In North Carolina, where Krispy Kreme first opened its doors in 1937, prepared foods “other than bakery items sold without eating utensils by an artisan bakery” are subject to state and local sales tax.”  And yes, bakery items specifically includes doughnuts, though the NC legislature has come down solidly in favor of the alternative spelling “donut.”

The sales tax compliance experts at Avalara note that utensils also matter: In Utah, if a donut shop sells donuts but doesn’t provide utensils, the donuts are taxed at the reduced rate. If utensils are readily available or offered with the donut, the general rate of sales tax applies.

In Richmond, Virginia, whether a sale is taxable depends on how many doughnuts you order. If you order between one and five doughnuts, that’s considered a meal and is taxable. If you order six or more doughnuts, it’s assumed that you are not eating them as a single serving (apparently, no one on City Council was ever a college freshman). There’s a similar rule in Wyoming – the multiple serving exception – which exempts an item containing four or more servings packaged and sold as one item, like a dozen donuts (since you would never, ever eat them all at once, right?).

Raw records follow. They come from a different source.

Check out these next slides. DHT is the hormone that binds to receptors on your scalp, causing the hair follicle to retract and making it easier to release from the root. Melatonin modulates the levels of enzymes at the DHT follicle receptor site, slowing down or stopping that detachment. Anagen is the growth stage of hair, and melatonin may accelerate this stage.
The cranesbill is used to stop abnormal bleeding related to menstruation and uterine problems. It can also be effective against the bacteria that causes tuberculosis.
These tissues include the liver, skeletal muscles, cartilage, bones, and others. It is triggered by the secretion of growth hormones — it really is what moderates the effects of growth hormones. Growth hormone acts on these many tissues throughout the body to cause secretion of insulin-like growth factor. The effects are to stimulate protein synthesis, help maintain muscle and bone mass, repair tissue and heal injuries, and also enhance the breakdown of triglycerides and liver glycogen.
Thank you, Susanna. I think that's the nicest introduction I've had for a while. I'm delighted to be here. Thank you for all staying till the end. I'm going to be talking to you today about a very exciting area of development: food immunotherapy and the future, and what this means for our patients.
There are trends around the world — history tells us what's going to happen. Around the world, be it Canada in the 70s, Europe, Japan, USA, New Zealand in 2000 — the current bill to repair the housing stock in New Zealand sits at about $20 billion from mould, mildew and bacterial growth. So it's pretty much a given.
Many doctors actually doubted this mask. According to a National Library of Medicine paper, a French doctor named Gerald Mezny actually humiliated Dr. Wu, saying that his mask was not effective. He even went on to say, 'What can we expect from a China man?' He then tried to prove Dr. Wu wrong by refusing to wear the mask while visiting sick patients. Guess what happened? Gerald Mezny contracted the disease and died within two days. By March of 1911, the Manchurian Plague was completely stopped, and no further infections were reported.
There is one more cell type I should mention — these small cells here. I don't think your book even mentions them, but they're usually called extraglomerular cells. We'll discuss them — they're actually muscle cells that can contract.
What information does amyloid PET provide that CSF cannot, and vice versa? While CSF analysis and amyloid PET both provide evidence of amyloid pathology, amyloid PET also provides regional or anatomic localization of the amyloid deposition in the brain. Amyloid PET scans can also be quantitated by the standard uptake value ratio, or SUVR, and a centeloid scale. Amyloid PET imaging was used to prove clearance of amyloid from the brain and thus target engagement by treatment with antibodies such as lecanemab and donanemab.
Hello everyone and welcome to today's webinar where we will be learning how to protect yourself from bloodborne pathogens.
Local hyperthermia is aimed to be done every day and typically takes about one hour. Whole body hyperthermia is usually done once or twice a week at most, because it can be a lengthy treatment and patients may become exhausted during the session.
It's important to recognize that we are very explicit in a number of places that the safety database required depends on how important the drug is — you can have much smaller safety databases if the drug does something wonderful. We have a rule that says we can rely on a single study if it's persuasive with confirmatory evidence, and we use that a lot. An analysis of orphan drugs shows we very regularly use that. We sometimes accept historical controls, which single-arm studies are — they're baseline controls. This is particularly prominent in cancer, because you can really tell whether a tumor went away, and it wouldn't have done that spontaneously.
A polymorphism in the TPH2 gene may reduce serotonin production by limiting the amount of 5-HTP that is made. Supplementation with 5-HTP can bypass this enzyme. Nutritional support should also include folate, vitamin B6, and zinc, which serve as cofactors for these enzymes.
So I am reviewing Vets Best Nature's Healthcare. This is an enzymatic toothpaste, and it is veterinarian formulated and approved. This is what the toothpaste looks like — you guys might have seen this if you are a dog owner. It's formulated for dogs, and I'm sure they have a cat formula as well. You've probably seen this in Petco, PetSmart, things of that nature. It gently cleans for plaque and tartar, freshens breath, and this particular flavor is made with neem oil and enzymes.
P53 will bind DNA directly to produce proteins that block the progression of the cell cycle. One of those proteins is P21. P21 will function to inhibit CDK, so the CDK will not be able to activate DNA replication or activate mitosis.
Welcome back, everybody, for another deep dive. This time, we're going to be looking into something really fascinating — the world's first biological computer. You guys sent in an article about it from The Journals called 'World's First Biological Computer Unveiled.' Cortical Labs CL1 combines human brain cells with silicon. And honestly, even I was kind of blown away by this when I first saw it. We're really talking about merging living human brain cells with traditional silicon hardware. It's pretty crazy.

In New York, doughnuts are generally exempt from sales tax “unless sold under the conditions … that would render them taxable.” Those conditions include heated food; food sold for consumption on the premises; or food which “has been prepared by the seller and is ready to be eaten, whether for on premises or off premises consumption.”

When it comes to doughnuts, the warm food rule does have some holes: In Missouri, if a grocery store sells doughnuts in its bakery department, those are taxed at a reduced rate “even though these donuts may still be warm from baking.”

And while some states treat food served at a drive-in as part of a restaurant and therefore, taxable, doughnuts sold at a drive-in in California would be exempt if the restaurant can substantiate the claim that the doughnuts aren’t intended to be eaten on the premises.

The taxability of doughnuts is just another example of the tricky nature of sales tax systems across the country. From pumpkins to Pringles , companies and taxing authorities have squabbled about the taxable nature of food items. It’s a reminder of exactly how difficult it can be for a retailer to do business in more than one state. As it is, if retailers and taxing authorities can’t easily determine taxability inside one state, how can they easily determine taxability in fifty states? It’s a difficult question and one that isn’t likely agreed upon any time soon. When it comes to doughnuts, however, the thing we can all agree on? They’re delicious. Enjoy the day!